We also passed the Irish government buildings on Merrion Street, with their attractive black ironwork fences featuring shamrocks, and amusing topiaries on the lawn inside the fence. I took a number of photos of these sights.
When we finally got to the shopping center, it was quite a disappointment — lots of tourist tat, overpriced “authentic Irish gifts” shops, American chains (including knock-offs with clever names like T.K. Maxx), and so on. The shopping center itself, a large, vaulted, enclosed space with filigree ironwork around and across its three balconies and skylights, was very nice to see. We took the escalators up to the top stories, walked around all three floors, then when we’d gotten back down to floor two, we found no escalator to take us down, so hoofing the stairs was the only option.
It felt good to be back outside in the fresh morning air, though by the time we’d made our rounds inside, something, either the glinting of sunlight on glass or my fatigue after the longish walk or a combination of both, brought on one of my retinal migraines, so I suggested that we find a coffee shop and sit and have some coffee and let the episode pass. They’re not painful, but disorienting, due to the flashing lights that inhabit the eye while it’s all transpiring.
We found a place called Insomnia nearby, evidently a Dublin chain, and had a very good caffè latte with an almond croissant, and then walked across the street to Stephen’s Green and walked through the park in the direction of the hotel. The walk was enjoyable, with the canopy of green trees arching over the walkways — and I say green, though leaves are starting to turn, and the walkway we took through the park was strewn with yellow leaves the trees had dropped.
Beside the walkway at a small distance was a pond or tiny lake with waterfowl including seagulls. When we entered the park, a gull was perched amusingly right on top of a memorial monument to Jeremiah O’Donovan Rossa, a big block of granite with carvings. As we exited the park at the Merrion Street exit (or a Merrion Street exit), there was a memorial to the Famine by Edward Delaney that I found more moving than I would have anticipated.
Maybe part of the pathos is the juxtaposition of a figures showing a starving family with one of their sheep starving with them right at the entrance-exit to a beautiful green space, the largest park in Dublin: the green island of Ireland encapsulated in a park, with a reminder that in that green and fertile space that is Ireland, people died of hunger in huge numbers at a time when Ireland was exporting food its own starving people needed, the food going to England in the draconian iron trap capitalism imposes on all of us.

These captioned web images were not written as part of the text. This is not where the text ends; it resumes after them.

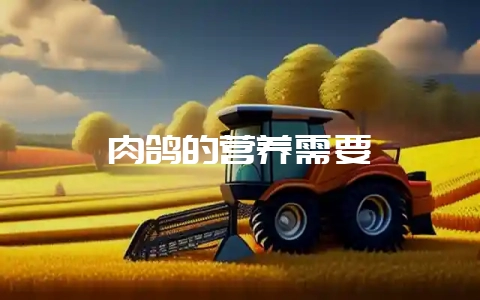 肉鸽的营养需要-会东网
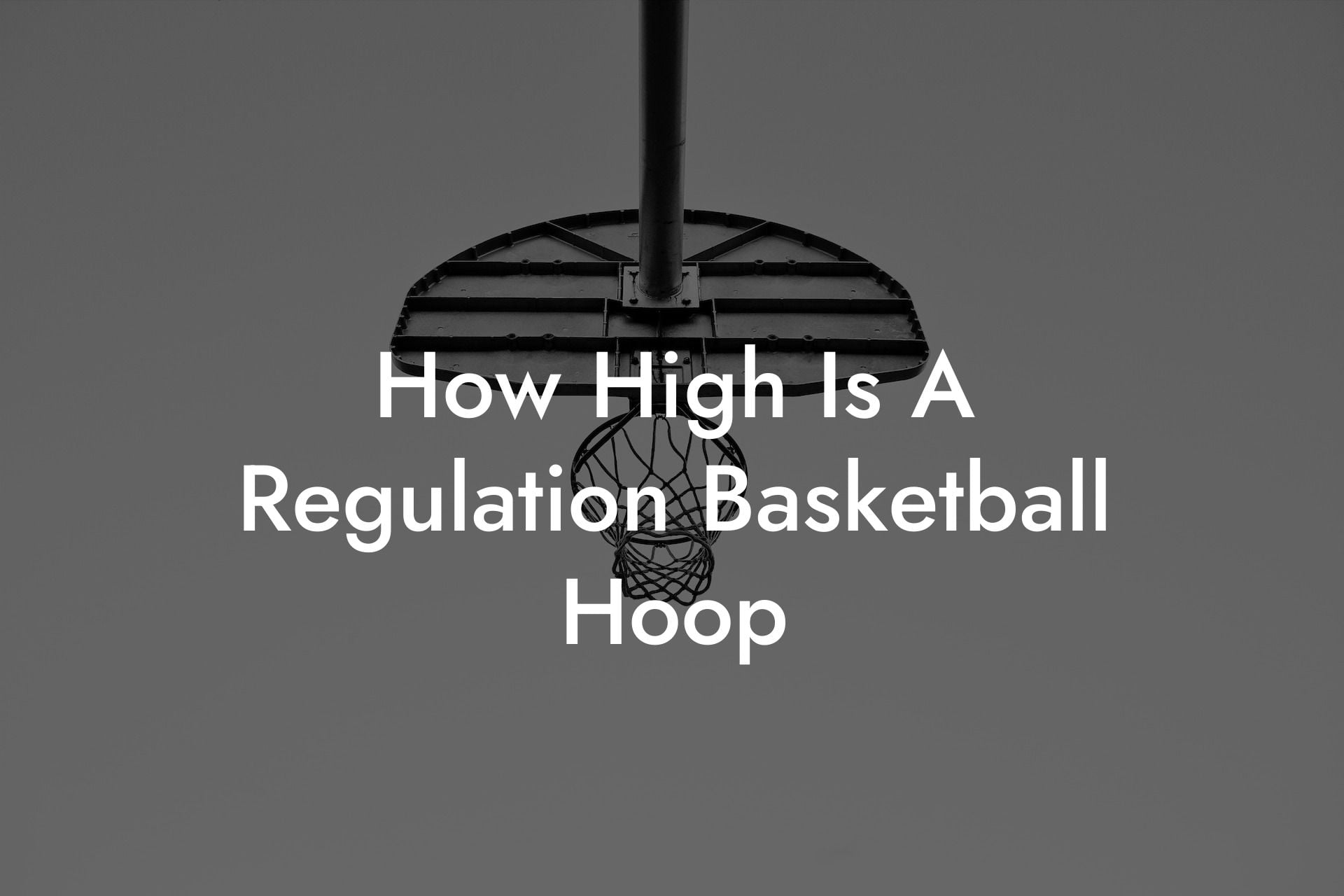 How High Is A Regulation Basketball Hoop Coach Alex Basketball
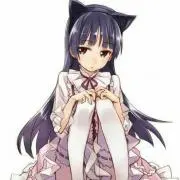 よっぴー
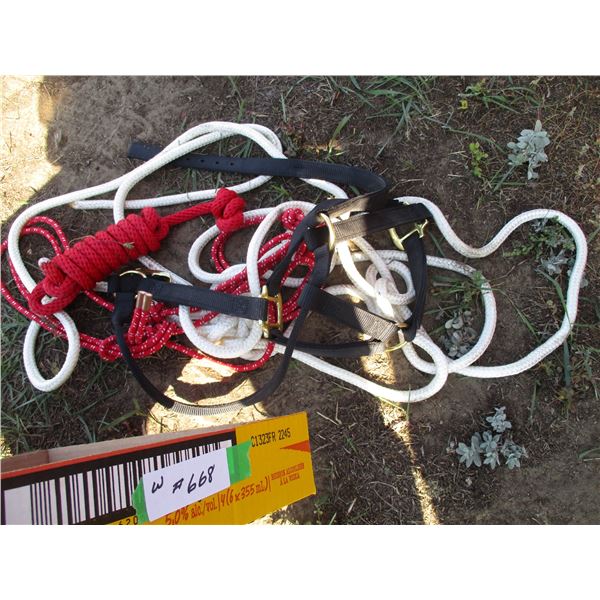 Nylon Rope with Halters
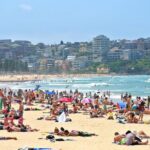 Half-Day or Full-Day Private Guide Hire From Sydney - Whats Included and What to Keep in Mind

Somehow, too, it was pathetic seeing the starving sheep with its starving family, a reminder that the Famine brought suffering not only to human beings but to other living beings including farm animals. As soon as one passes the Famine memorial and heads out of the park to Merrion Street, there’s a large bronze statue in memory of Theobald Wolfe Tone, perhaps deliberately placed near the Famine memorial to remind visitors that the Famine was human-constructed and not an “act of God”: it was very much a political matter that demanded a political solution which finally arrived in the form of Ireland’s independence.
Then it was back to the hotel for a long rest and to pack. Steve’s packing right this minute, in fact. We did stop at a Spar grocery store and deli on the way back and bought a chicken panini to share in the room for lunch. It was horrible. This last evening in Ireland, we may try our luck at buying a pizza. A pizza place with good reviews is directly across the street from the hotel and Steve has offered to walk over in a bit and buy a pizza to bring back to the room. He’s bought glasses of Guiness from the bar several days here, so I think he may well also bring some beer up for us to enjoy with the pizza.
Then it’s adieu to The Mont and beautiful Dublin and green, green Ireland tomorrow, as we take a taxi to the airport at 8 A.M. and wend our way home — we hope.